Awe thank u! I really couldn't think of any mane I wanted more than it so thought it would be nice to let her name him.

Sugars ignoring him like she does all other dogs at first and Spice is trying to play, but she's a little rough so needs watched carefully! He seems very social himself, he's going up to them wagging his tail and when they play with each other he cries a little as if hes feeling left out, so cute. 
Here's the only pic so far of them together


----------



## Wicked Pixie (Oct 14, 2011)

He doesn't look real, he looks like he is made of cotton wool. I love the fact that Sugar is sticking her tongue out at him in that photo....


----------



## SugarChi (Oct 30, 2011)

Wicked Pixie said:


> He doesn't look real, he looks like he is made of cotton wool. I love the fact that Sugar is sticking her tongue out at him in that photo....

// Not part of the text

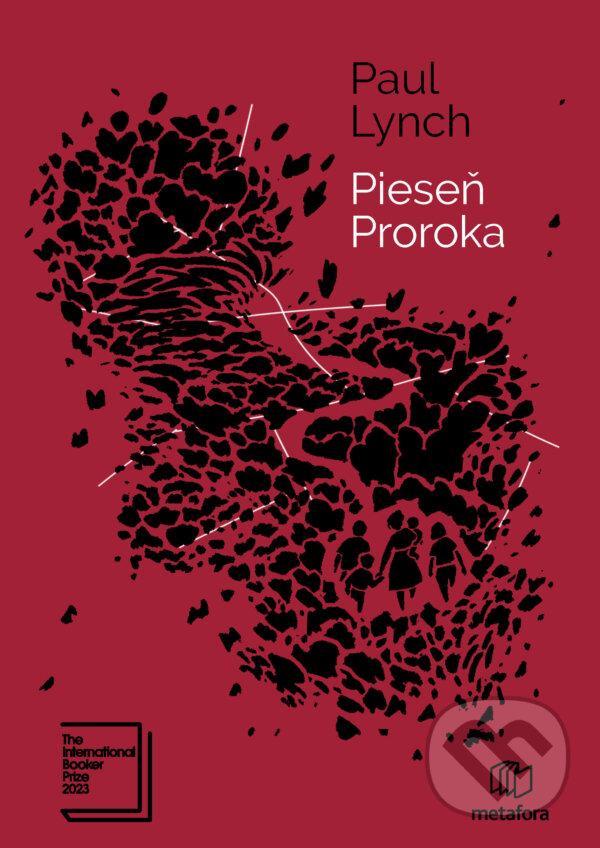 E-kniha: Pieseň proroka (Paul Lynch). Grada, 2025 E-kniha: Pieseň proroka (Paul Lynch). Grada, 2025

He really is super white! 

Lol I only noticed that when you said it, that's so Sugar, she doesn't welcome others as well as Spice does. But she was the same with Spice at first too and now they are best friends.


----------



## pigeonsheep (Nov 8, 2008)

sugar is a diva and needs to show newbies who goes where! lol he us adorableness x infiniti! i love white chis too! let alone longhairs hehe. congrats abd have fun spoiling! i know i still am lol


----------



## Mike&Tibi (Jul 22, 2012)

he's miracle!)


----------



## ElvisPresley'sMom (Sep 5, 2012)

Sooooooo beautiful! I'm jealous hehe


----------



## Kurukulla (Sep 26, 2011)

Hayley he's lovely... Nose should fill in.. If the pigment there is black it'll stay black if its brown it'll darken to darker brown. 

He will probably end up cream and white... Although one of my boys who I was adamant was going to be cream is a parti colour! Spots appeared at 5 months :s. if he goes cream he'll get a skunk stripe first  

Very pretty family you have now.. Still think sugar is my favourite  daisy says hi btw! X


----------



## pam6400 (Oct 5, 2008)

What a sweetie!


----------



## SugarChi (Oct 30, 2011)

Kurukulla said:


> Hayley he's lovely... Nose should fill in.. If the pigment there is black it'll stay black if its brown it'll darken to darker brown.
> 
> He will probably end up cream and white... Although one of my boys who I was adamant was going to be cream is a parti colour! Spots appeared at 5 months :s. if he goes cream he'll get a skunk stripe first
> 
> Very pretty family you have now.. Still think sugar is my favourite  daisy says hi btw! X


Awe thanks Sarah  And hi Daisy! How's wee Daisy getting on? How old is she now?? 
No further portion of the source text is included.